Managing expectations is not a tick box quarterly task, it is daily work; resources might well be moving to back the targets set. This is where the difference between the communication skills and experience level of engineers can become an issue. Those emails that start with “We’ve just been told that…” normally imply that a Chinese Wall has been raised somewhere. These have to be lowered quickly. The way through is for product owners to help keep the information flowing up and down the lines between engineering and decision-makers. However, those imaginative CEO tweets may be doing the team a favor if there is a built-in sense of the abstract. When Microsoft founder Bill Gates set out a clear mission back in the 80s with “A computer on every desk and in every home,” that was abstract enough not to interfere with OS development. By observing year-by-year growing ownership statistics, goals can be set.
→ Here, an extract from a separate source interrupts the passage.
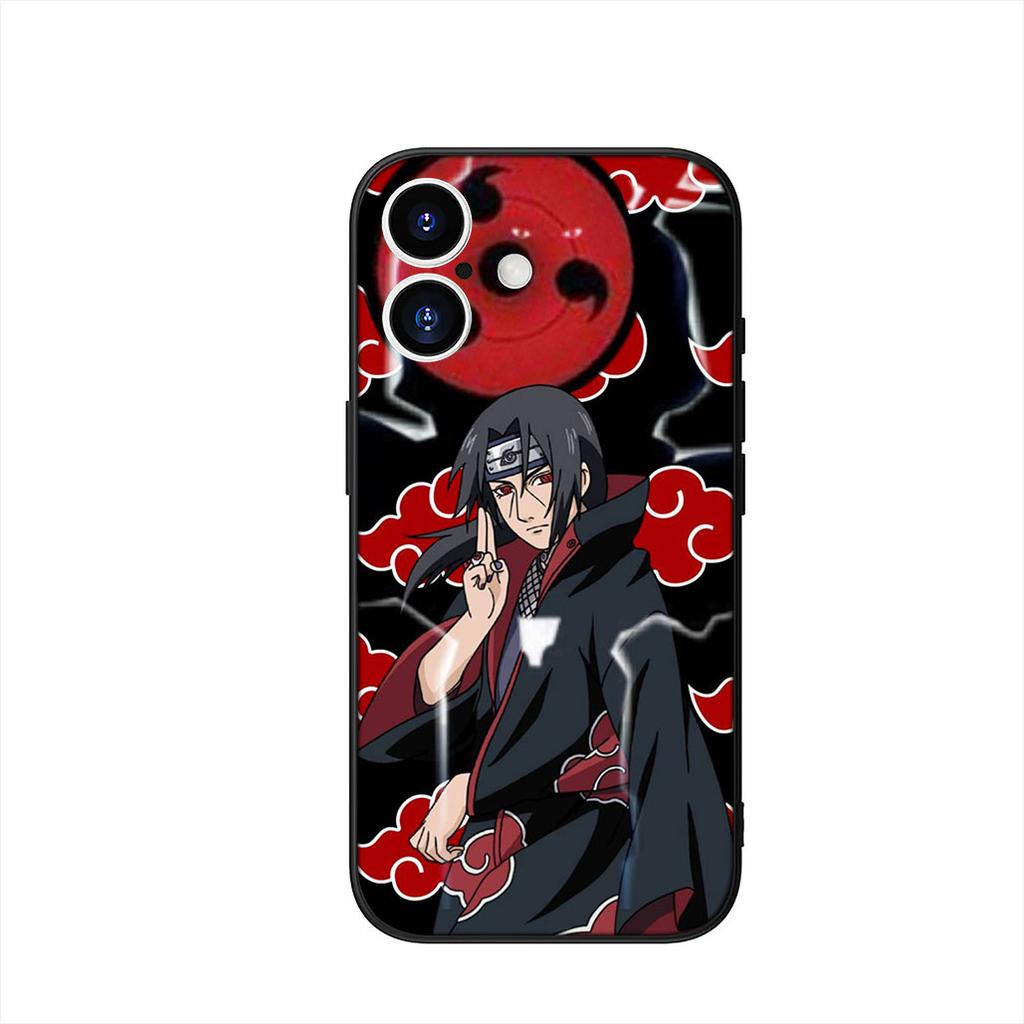 Might Guy Itachi Uchiha Narutos Akatsuki Case for Samsung Galaxy A55 A54 A25 A36 A17 A26 A35 A33 A34 A14 A37 S20 S21 FE S10 Plus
It isn’t a case of telling the board that their company is built on a lie, it just means adjusting targets and internal strategy to better match reality. When VW cheated on its own emission targets it was because the target setting became a one-way process driven from above, not a conversation. It probably happened gradually, then all at once. Experimenting can easily be done with any modern version control system, allowing for a fast track for prototyping and a slower fork for moving forward with evidence and tests. The death march spiral of “we are almost there” comes from having one goal that is sacred and never adjusted. The other side of this is setting goals that don’t stretch the technology enough — like the hours of tests that self-driving cars did in private estates with no other traffic.
It isn’t always wise to set one hard and fast high-level goal, as it may look less desirable over time. A product owner can quickly find that they are no longer getting attention in a fickle company. The author of the book Exponential, Azeem Azhar, said recently;
“Self-driving could be a pointless distraction for improving the environmental and human impact of transport. It takes attention away from micromobility, better urban infrastructure and other strategies to improve the safety, pollution, climate, equity and economic returns of this sector.”
Now that is a rather specific take, but a nimble-minded board will spot when external circumstances might threaten a vision, and take appropriate action.
So as a product owner, what do you do when you can see that your project really can’t make it? I hope many readers are shouting the answer here: pivot. The internal business skill required is to maintain the backing of the stakeholders while changing direction. The embattled co-founder of Waymo retreated into simple autonomous trucking because this ambition matched what was possible.
Most long-lived organizations pivot at least once. You might think you know what BP does as a company, but if you go to their home page you won’t find many mentions of the word “oil”. This works both ways. Remember when Amazon just sold books?
In summary, the product owner must work hard to control expectations:
- Separate an exciting vision from achievable strategic goals. Make sure the delivery teams are looking at the latter.
- Help to make the smaller goals more attractive to stakeholders.
- Recognize and communicate in good time when a pivot might be necessary.